Une décision aux conséquences concrètes
Le copropriétaire ayant divisé son lot s’expose donc à de lourdes conséquences : remise en état du bien, cessation de la location des unités séparées, paiement des frais de justice et dommages-intérêts au syndicat de copropriété. Dans cette affaire, la sanction s’élève à 3 000 € au titre de l’article 700 du code de procédure civile, en plus des frais d’avocat.
Mais au-delà du cas individuel, cette jurisprudence clarifie un point essentiel : les copropriétaires ne peuvent pas ignorer les décisions collectives sous prétexte qu’elles sont anciennes ou peu documentées. En copropriété, la mémoire juridique ne s’efface pas avec le temps.
Quelles règles s’appliquent à la division d’un lot aujourd’hui ?
Un copropriétaire peut diviser son lot à condition de respecter :
Le règlement de copropriété
Les décisions de l’assemblée générale
Les normes d’habitabilité imposées par la loi (surface minimale de 14 m², présence d’eau, d’électricité, d’évacuation)
Toute interdiction votée en AG reste valide sans limite de durée, sauf annulation judiciaire.
La division sans autorisation expose à une action en justice pour remise en état et sanctions financières.
Une gouvernance collective renforcée
Ce rappel à l’ordre judiciaire s’inscrit dans une tendance plus large : la revalorisation du pouvoir des assemblées générales face aux initiatives individuelles en copropriété. Alors que les opérations de division ou de colocation se multiplient, les copropriétaires doivent désormais anticiper que tout projet de transformation structurelle devra non seulement respecter le droit, mais aussi l’histoire réglementaire de leur immeuble.
Cette affaire met également en lumière l’importance, pour les syndics et conseils syndicaux, de conserver les archives des décisions collectives, et pour les copropriétaires, d’en tenir compte avant tout projet d’investissement ou de travaux.

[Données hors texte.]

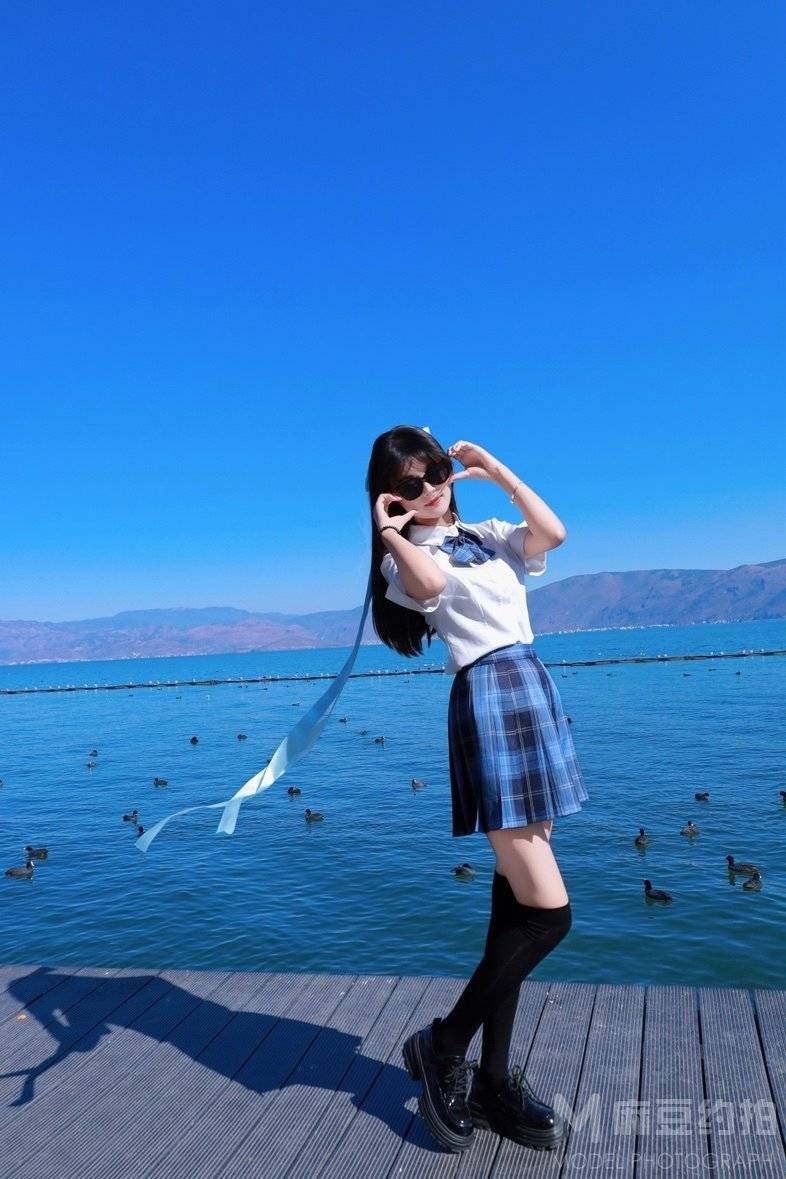 校园模特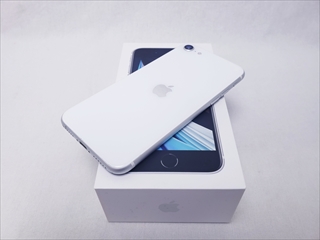 iPhoneSE （第2世代） 256GB ホワイト /MXVU2J/A 【国内版 SIMFREE】 各サイトで併売につき売切れのさいはご容赦願います。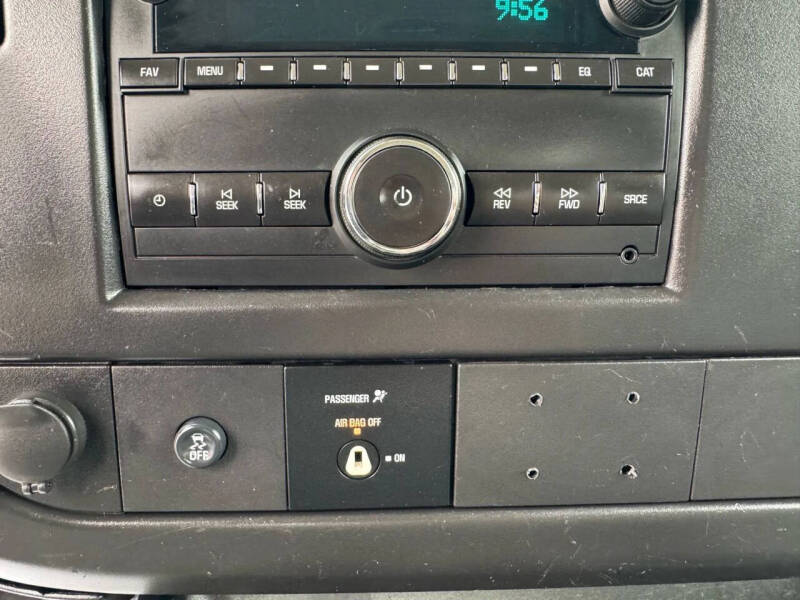 2017 Chevrolet Express 2500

Conclusion : un signal fort pour les copropriétaires
Diviser un lot pour en tirer un meilleur rendement locatif peut sembler judicieux sur le papier. Mais ignorer les règles de la copropriété expose à des risques majeurs. L’arrêt du 22 mai 2025 vient rappeler que le droit de propriété, en copropriété, est encadré — et que l’équilibre collectif prévaut sur les stratégies individuelles.